Japanese liquor makers have been releasing a range of high-class gin brands -- with a distinctive local flavor -- as a follow-on product to domestic whisky, which enjoys a solid reputation around the world, in an attempt to win over a global audience.
Made from grain, gin is a distilled alcoholic beverage that falls under the category of "spirits," and is often used in cocktails such as the classic "gin and tonic" combination. In recent years, there has also been an emergence of "craft gins" in the West, which are produced using sophisticated techniques and ingredients. Generally speaking, a bottle of standard gin costs about 1,000 yen while a bottle of craft gin sells for about 3,000 to 5,000 yen.
As the global craft gin market expands, Japanese makers have also been launching their own craft brands one by one. For example, in late June, Nikka Whisky Distilling Co., which is part of Asahi Group Holdings, released a product called "Nikka Coffey Gin" -- with a suggested retail price of 4,500 yen -- and started exporting the beverage to the West in September.
Making use of a continuous distillation technique that retains the scent of the original ingredients, Nikka Coffey Gin has a unique taste deriving from Japanese citrus fruits and spices such as yuzu and Japanese pepper. The response to the product has been favorable, with 2,000 cases planned to be sold domestically in 2017 -- which is double the original target -- and 2,000 cases aimed to be sold overseas over a 12-month period. Commenting on the shifting trends, Nikka Whisky Distilling has high hopes for the future, stating that, "Speciality gin is booming overseas, and people's interest in spirits in increasing."

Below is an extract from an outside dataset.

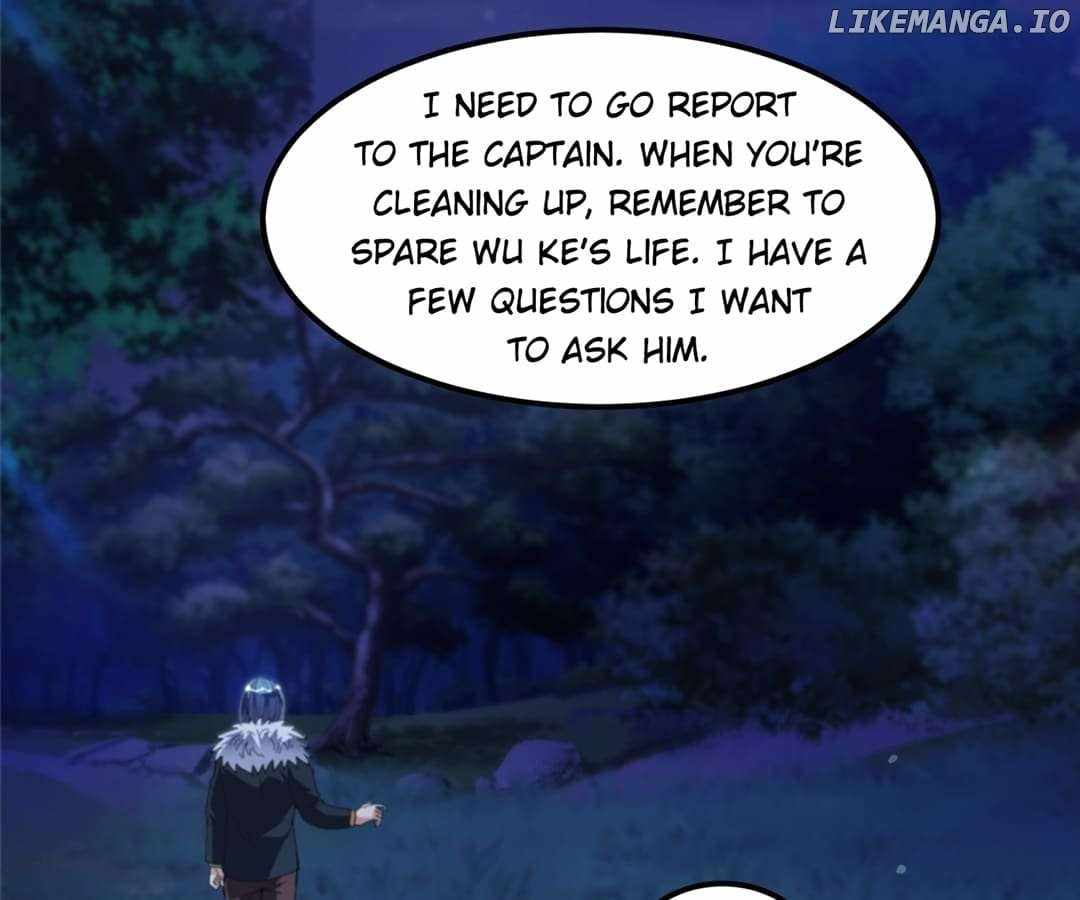 Aura Recovery: I Get a New Skill Everyday Chapter 75 - Page 36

Similarly, Suntory Spirits Ltd. released a product called "Roku" in July, which it jointly developed with Beam Suntory Inc., and has been exporting the drink to nine countries across the world including Germany and some in Southeast Asia since September. The product possesses a cherry blossom scent and a yuzu flavor, stemming from its ingredients which include cherry blossom leaves, tea, and yuzu. So far, the beverage has proved to be so successful that its annual sales target was reached in just under a month, and projected domestic sales are four times higher than originally expected, at 4,000 cases.
"Kinobi Kyoto Dry Gin," which was launched by Whisk-e Ltd. in October 2016, is said to be Japan's first craft gin. The beverage is made at a special distillery in Kyoto that was established in 2016, and consists of Kyoto-based ingredients such as green tea and Japanese cypress.
In July this year, the drink won a gold award at an International Wine and Spirits Competition in the U.K., and has developed a strong international reputation. The product has also been exported to Europe and Asia, with plans to expand further to China and the U.S. within the year.
According to Suntory, the high-class gin market -- i.e. bottles that sell for $20 or more -- expanded by 12 percent in 2016 compared to the previous year, and doubled over the six-year period since 2010. Compared to whisky, it is also easier to create distinctive flavors when making gin, and there is no need to leave it to mature. As a result, numerous makers are working on developing "Japanese gin" as the next popular beverage to follow on from Japanese whisky.